CAR Military Recapture Rebel-Held Town


30 November 2009

Photo: AP
Central African Republic President Francois Bozize (file photo)

Military officials in the Central African Republic say they have retaken a key northern town that was captured by rebels last week. The country's president is pushing a peace deal ahead of 2010 elections.

Military officials in Bangui say government troops have recaptured the town of Ndele, about 675 kilometers north of the capital. It was at the center of fighting earlier this year that drove more than 8,000 civilians across the border into Chad.

Rebels from the Convention of Patriots for Justice and Peace took control of Ndele last Thursday in a three-pronged attack that the government says killed at least 15 people including two soldiers. Government forces from the garrison there regrouped and regained command of the town over the weekend, driving out rebels led by former prime minister Charles Massi.

Mr. Massi broke away from the larger Union of Democratic Forces for Unity when it joined other opposition groups in last year's peace accord. That deal includes the demobilization and reintegration of former combatants.

President Francois Bozize says he is pushing ahead with the accord.

In an interview on state-run radio, President Bozize says a new structure is in place within local committees near former combatants and former rebels.
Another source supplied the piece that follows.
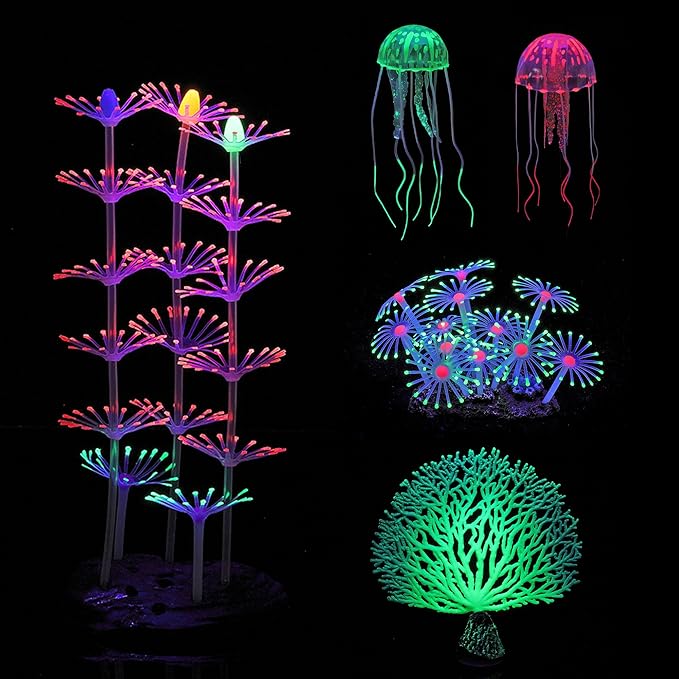 Lpraer 5 Packs Glow Aquarium Decorations Branch Coral Tree Glowing Jellyfish Simulation Glow Plant Glowing Effect Silicone for Fish Tank Decorations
If this demobilization takes hold, he says conditions will be in place to bring more investment and social development.

With the recapture of Ndele, President Bozize says the situation is now normal after rebels cut the route to the north. He says there is peace now, as illustrated by the October return of former President Ange Felix Patasse.

Mr. Bozize toppled Mr. Patasse in a 2003 rebellion and won election as the country's president in 2005. Mr. Patasse returned from exile in Togo last month promising to challenge Mr. Bozize in next year's presidential elections.
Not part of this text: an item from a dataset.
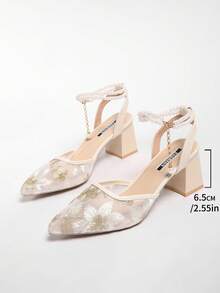 新款中国风白色高跟穆勒鞋，尖头蕾丝刺绣套脚凉鞋，女士款 - 米色 - 查看 7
While the former leader has received a pardon in the Central African Republic for crimes allegedly committed in the final days of his presidency, the International Criminal Court is investigating Mr. Patasse's connection with Congolese rebel leader Jean Pierre Bemba.

Bemba is facing war crimes charges at the ICC. Prosecutors say Bemba and then-President Patasse agreed on a single mandate: "to protect the Patasse presidency and attack civilians thought to be allied to rebels."
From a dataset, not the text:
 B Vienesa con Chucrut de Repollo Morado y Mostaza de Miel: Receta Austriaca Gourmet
President Bozize says Mr. Patasse is free to contest the 2010 election, in which they will be joined as candidates by former prime minister Martin Ziguélé.

As that vote approaches, President Bozize is eager to secure the demobilization of former fighters and end the rebellion in the north to restore security along the border with Chad, where two aid workers were kidnaped at gunpoint one week ago.

He is also facing an incursion by Ugandan rebels of the Lord's Resistance Army in the south. Ugandan government troops are fighting in the Central African Republic against those rebels after pursuing them through the Democratic Republic of Congo.